Monday, August 10, 2009

He's Wearing Eau de Desperate

Saturday night, while on my around the city club tour, I met this guy "Jim". He was cool at first. Until we chatted for a min. He was laying on the compliments...really thick. Kind of like a layer of peanut butter. Anyways, he asked for my number. I really didn't think nothing of it. Now and days asking for numbers is equivalent to "making sure I still got it". And let's be honest, I'm good at stroking ego's as anyways. Same night about 3:00am, Jim sends me a text.

Jim: What are you doing? I'm hungry, wanna grab breakfast?
Me: No. I'm going to bed. Call me tomorrow

(We know what this call was, right class?)
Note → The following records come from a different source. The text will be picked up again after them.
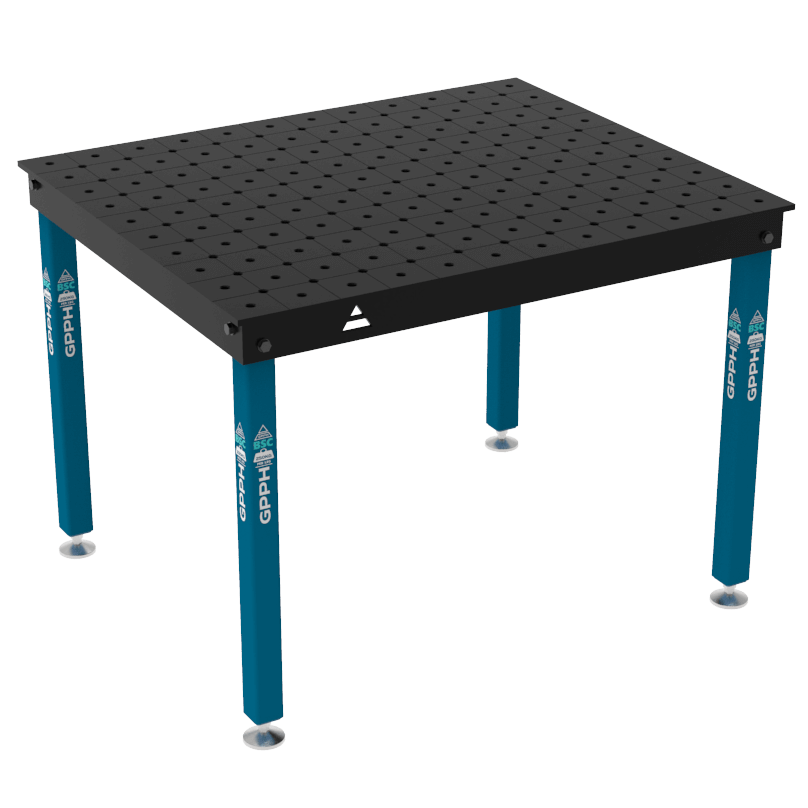 Schweißtisch BASIC 12mm – 1200x1000mm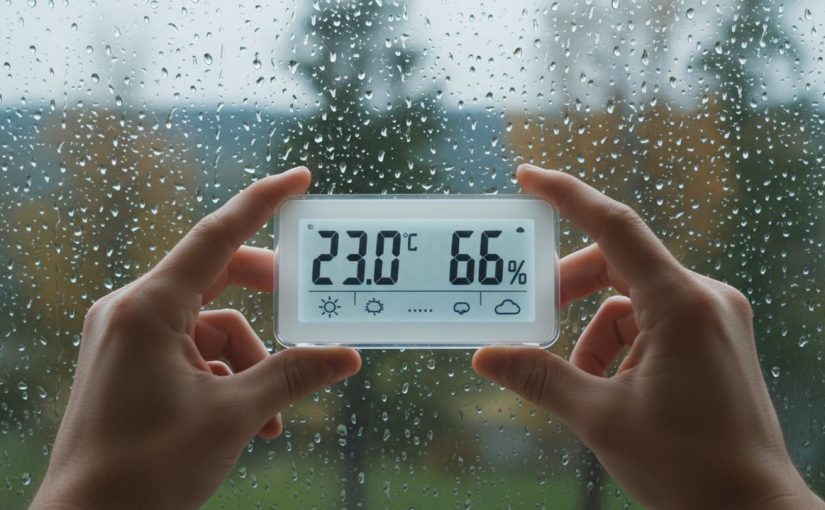 Taux humidité normal dans la maison quand il pleut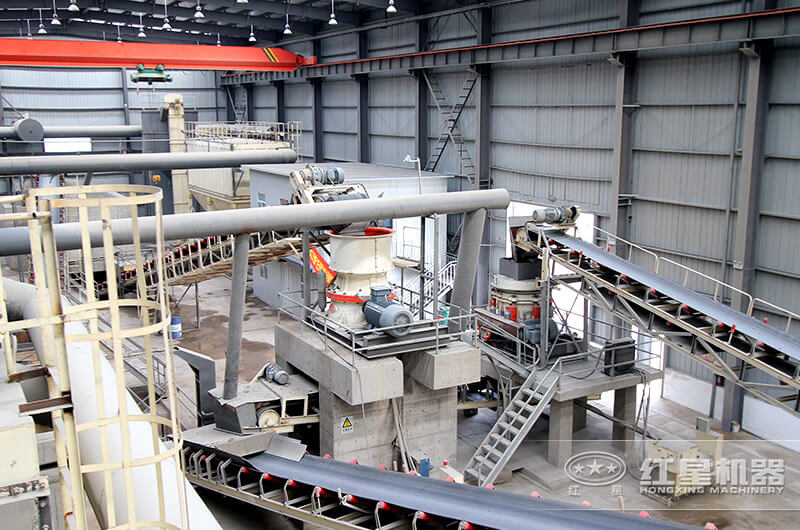 日產(chǎn)300-500噸的砂石線 日產(chǎn)300-500噸的砂石線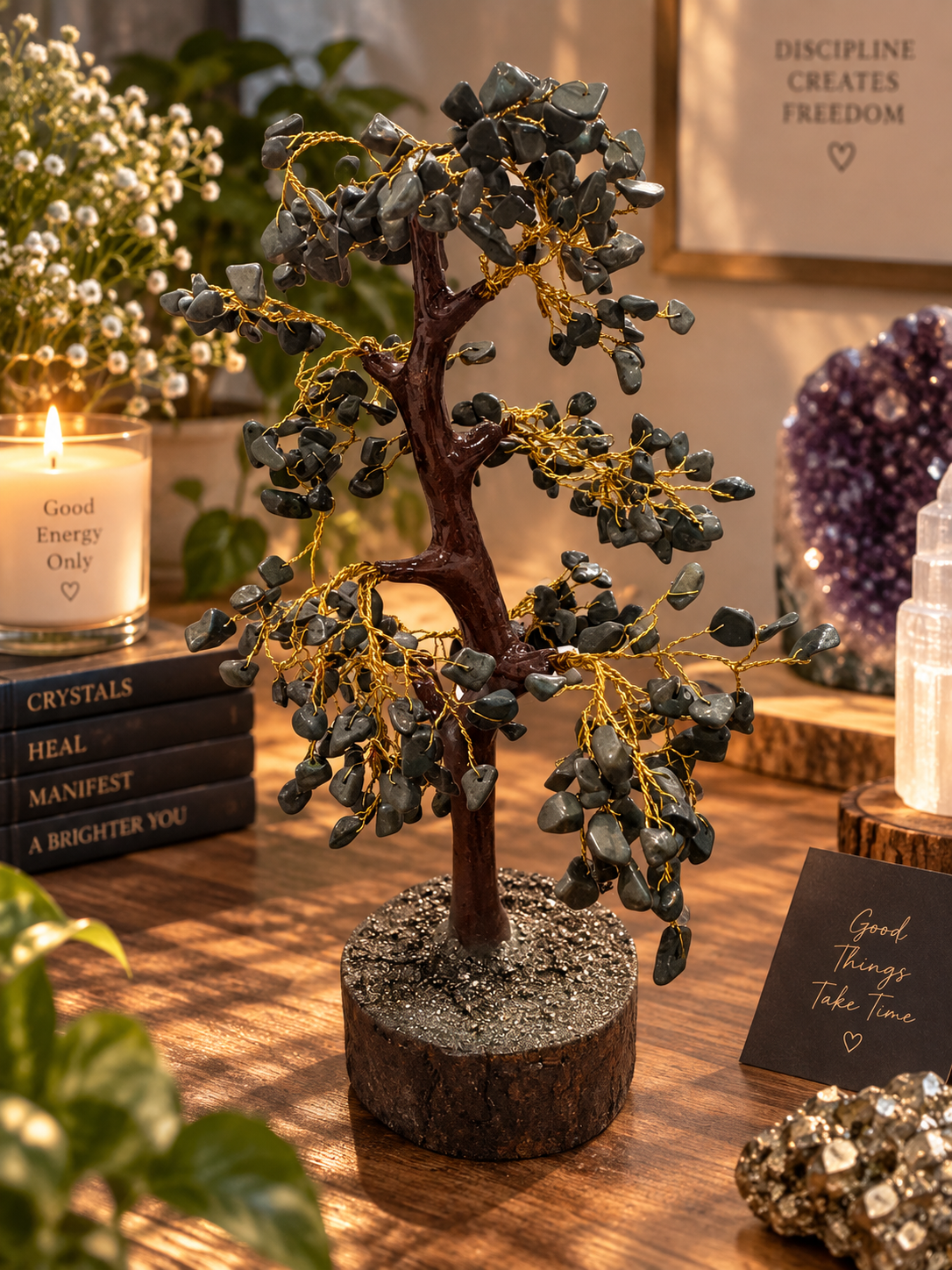 Pyrite tree(250 beads)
Fast forward to this morning. Jim sends me a morning text, wanting to know when we can see each other. I say I don't know, call me later. He calls. Short & to the point:

(after 3 seconds of pleasantries)
Jim: I want to see you.
Me: Uhhh, today? I'm busy.
Jim: Today, tomorrow, soon
Me: Well, maybe we can meet for coffee or something at Starbucks after my appointment.
Jim: Oh, I was gonna pick you up & bring you back to my place
Me: No.

I think the name of his cologne is Eau de Desperate.


Shannon said...

Or Eau de Can't Take a Hint.

True2me said..."pick you up and take you back to my place" WHERE THEY DO THAT AT

Anonymous said...

LOL Thats hilarious. Why do men thinks its that easy. Do women really respond to that?

Dr. J said...

I like to hear the dialogue of the way men kick wack game. It's clear from his communication what his intentions are. Men would get so much further if they would take a step back and look at what they're doing from a bird's eye perspective. Personally, I feel like even if your intentions are just to smash, then at least conduct yourself with a little tact.

Can't lie though, I blame women for this... Somehow along the way this has worked for him. That's the only reason why he keeps trying it.

Chaotically Calm said...

Wow so does that usually work for him...I know you don't know but I'm just very curious.

Tunde said...

wow. who does that? get some class about yourself.

Adventuresaurus Girl said...

OMG, did he think that would work? LOL

StarrBURST! said...

UGH I need space just reading this! Dude GET A LIFE!! Some friends! Something!

Anonymous said...

damn see this is why i don't like giving my number out. that's why i'm changing the number again after some weaker moments in the land of kimchi.


@ Shannon... or Eau de Loser!

@ True...WDDDA? Answer. Apparently DC clubs!

@ Everyone...apparently yes, it worked with someone. For every 10 women he asks, he has a 10% chance of getting a to increase his percentage, he probably asks 100 women yearly, and 10 say yes...

mr. nichols said...

i don't understand why these dudes can't read the signs and see that the tactless, pushy approach does not work. smh.

Anonymiss said...


Journey to my soul said...

It worked with the last girl. Dudes wont do it unless it works from time to time. So he gave it another try.

10% would be batting real low. lol One of my boys says crazy stuff like that to women all the time and you wouldnt believe the stuff he gets away with and still gets the number. I mean he gets played hard too, but to him, as long as he batting .333 he is good.

BlkBond said...

I agree with Journey to the Soul. A long time ago, while doing telemarketing, an old salesman told me that the technique does not matter: it is the individual who is selling. His sales team alone was making him 5-10K a week not to mention his own salary. After talking with him, I applied this in all aspects of my own life. I have done all kinds of introductions-many range from insane to disrespectful, but it is effective all the same because the women are sold before I say anything. You only have to close.


Notnuts said...

Poor delivery, but at least he's honest about what he's looking for.